To say that year 2020 was quite the roller coaster would be an understatement. After the turmoil that has been 2020, we’re sure that a lot of you could benefit from getting out of the house, changing the scenery and clearing your mind from all the mental clutter that we’ve all been collecting for the past year. That’s why we have prepared a short list of places in Latvia you can visit in order to treat your well-being.
They're available all year long, so you can come as soon as it's safe and whenever you’re ready - Latvia will be waiting for you.
The sea has always been a place of contemplation. Maybe it has something to do with its character, which in a way so closely resembles ours: it can be serene and peaceful while always maintaining the potential of a storm. And what better place to enjoy the vastness of the sea than Latvia, which has a shoreline that is almost 500 kilometres long?
If you wish to experience the Latvian shoreline at its rockiest, there is the cape of Mērsrags, the second largest cape in Latvia, which is characterised by large stacks of sea rocks both in the sea and among the shore. If you’d like to enjoy the view from a high vantage point, a good bet would be Ēvaži Steep, which are the highest steep banks along the coast of the gulf of Riga. To experience the truly wild and beautiful nature of the Baltic Sea, we recommend visiting the beach of Pāvilosta, which is rich with piers, creating spectacular ice sculptures among its walls during the winter.
However, to fully encompass the nature of the Latvian shoreline and its beauty, one of the best options would be to hike along the trail of Jūrtaka, which is a part of the European long distance path E9. Its distance in Latvia is almost 600 kilometres and the route is divided into 20-kilometre-long segments, equipped with options for transport and accommodation.
Latvian sauna rituals
Latvians take their saunas very seriously. For us, it’s a way to replenish the body and spirit, a test of strength and endurance and a way of socialising. Traditionally, Latvian saunas accommodate only a few people at a time and the whole experience is usually led by an experienced sauna master, who is familiar with all the intricacies of the rituals. The temperatures in a typical Latvian sauna can reach up to 90°C - but you always have the option of dialling it down.
A good place to get acquainted with the Latvian sauna culture is the open-air Sauna Museum. It hosts about twenty different saunas from various periods and all regions of Latvia, and they’re not just for looks, because you can bathe in every single one of them. The museum is open all year long and it provides accommodations as well.
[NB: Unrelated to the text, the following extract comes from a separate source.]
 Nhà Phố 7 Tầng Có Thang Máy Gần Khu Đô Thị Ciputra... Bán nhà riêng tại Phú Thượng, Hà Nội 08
However, if you wish to “ease into” the sauna culture of Latvia, a good option would be Mārciena Manor Hotel, which offers both a traditional Latvian wet sauna and a SPA centre - the best of both worlds, in other words.
If you had to name the single, most mystical place in all of Latvia, this would be it.
Pokaiņi Forest is home to a multitude of legends, myths and other supernatural tales of Latvian folklore, but not only that - it is also quite scenic. Inside the forest, rock formations shape piles, walls and rivers, called Pokaiņi Stone Agglomerates, and there are several walking paths you can take to experience the magic of Pokaiņi up close. If you wish to learn more about the forest's supernatural qualities, there is always the option of a tour guide as well.
Great Oaks of Latvia
Oak trees contain a special meaning for Latvians. They symbolise strength, inspiration, endurance and honour. You can witness the oak’s presence in the Latvian Coat of Arms, our songs, legends and an oak tree was even depicted on the most common banknote of Latvia’s former currency. And it makes perfect sense too, because no one can deny the grandeur that’s emanated from a great oak - which is a very old tree that has reached a specific height and width.
Latvia is the proud home of Kaive Oak, the thickest tree in Latvia and in all the Baltic states. It’s protected as a natural monument and it has been even depicted on Latvian postal stamps. Among other great oaks worth visiting is the second-largest Kanepji Sacred Oak, which has been struck by lightning, thus creating a large cavity in the middle of it, as well as Seja Oak, which is said to have been a place of assembly for ancient Latvian military chiefs before going into battle.
We hope that this article has inspired you not only to find out more about Latvian nature, its culture and travel opportunities, but also to start your quest towards a peaceful and balanced state of mind, wherever you may be. Remember to stay safe and we’ll see you soon!